Sunday, August 25, 2013

August 18 through 22, 2013 The little Tenderfoot Trail at Cedar Lakes, WV

I walked this little trail above the Cedar Lakes Center several times.  In West Virginia, there are mountains everywhere and so you first must climb up the edge of the mountain on the leafy, rainy, foggy trail which circles two dark green lakes with yellow and brown leaves floating on their surface.  In places the path is very muddy. Last year, I am told, the quilting instructor was bittten by a snake on her heel while on this trail.
So don't wear sandals on hikes.

Unassuming Sarah, who painted beautiful water color flowers at my table, said that the first hiker stirs up the snake and the snake bites the second hiker.  She learned this when walking the entire Appalachian Trail with her husband.  Second only to having children, it was the greatest experience of their lives.  She carried 35 lbs of food, but they mailed packets of food to general delivery along the route. They stayed in the shelters or just in their tents, often finding books left by Trail Angels along the way.  Their children were grown. The husband's company had downsized and he was retired early. She had taught 5th grade for many years and now retired. They decided to cross the full expanse of the United States from California to Maine on bicycle.
Her husband died in a tragic accident along the way.  She climbed to the top of Mount Katahdin in Maine, the terminous of the trail and scattered his ashes.

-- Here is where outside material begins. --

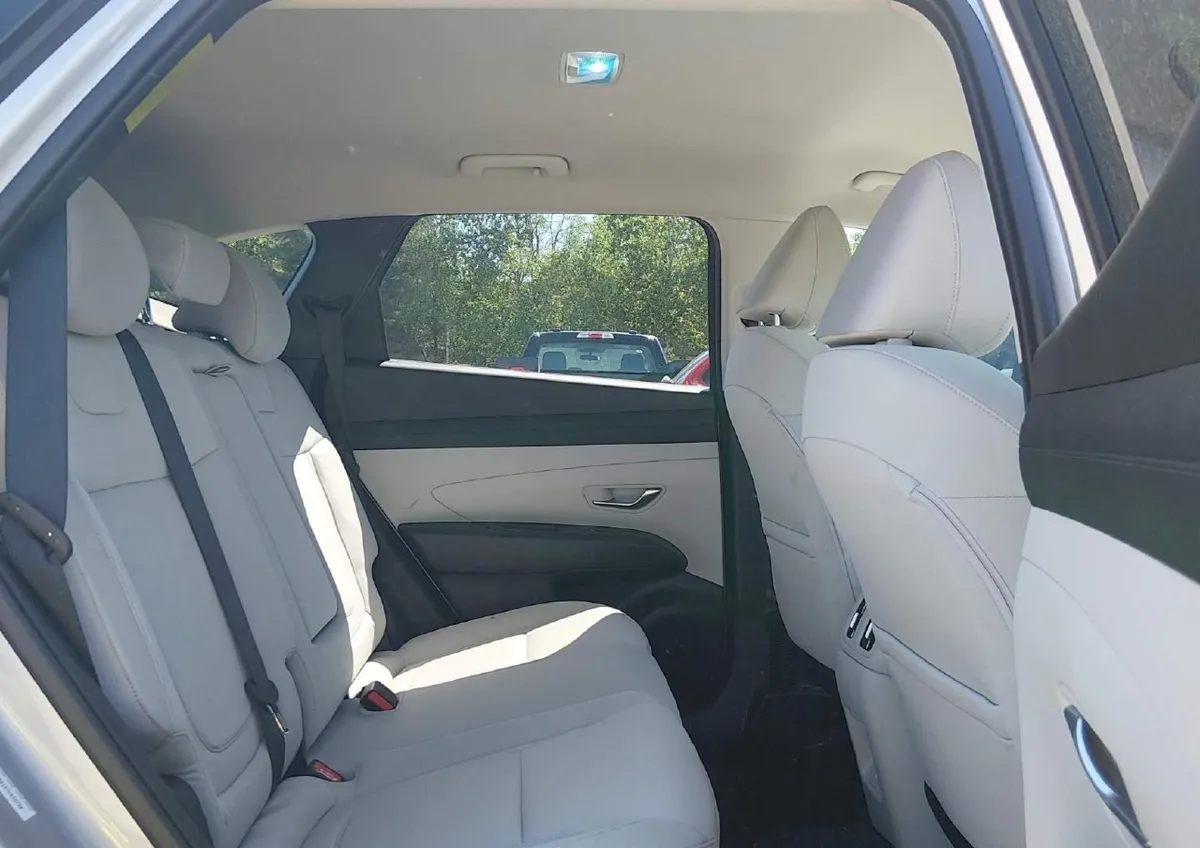HYUNDAI TUCSON HYBRID SEL 2026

The fly fishing teacher told me that there was a "geocache" up on the trail, that there was a fallen tree with another fallen log across it and a stone on top of that.  Without a GPS, I searched without results for the cache.  Later he told me that it was about 30 feet off the trail.

I drove back down the magnificent mountains in the fog and rain on Friday. At Tamarak, I gave a woman gas money. She was stranded without gas to get home.   Although the trees and fields are still green and the sky a pale insistent summer blue, there was a wind with yellow leaves swirling down on the road to my house, hinting at fall on its way.

I walked the familiar Rail Trail Saturday morning passing my fellow travelers:
the political refugees from Columbia, the fit Japanese man with the foot shaped running shoes, the attorney with his cell phone to his ear discussing a ruling, the two women and a man from the Phillipines, the home school family on bikes, the jogging girls with their pony tails swaying mightily, the roller bladers, the tall, sturdy New Zealander woman, the elderly woman who walks eight miles a day,  the two handsome gray bearded brothers ambling on  their long legs, the two sisters with dazzling smiles, identical except one is tall and one is short, all the dog walkers and the dogs in the Rail Tail dog park.

Bull Hawg's Barbeque has made a path from their back door to the trail with wooden steps, a bike rack, picnic tables and a sign advertising breakfast bagels.  The biggest lure, however, is the aroma.

Volunteers are cleaning and pruning and have provided a big dry erase board for ideas for the new year.
I suggest "Little Libraries", the kind they have in Decatur, essentially a box on a pole where you can leave books and where you can take books to be your own, if you wish.

Children are returning to school.  Everywhere on the edges of the woods, Confederate Jasmine vine is blooming.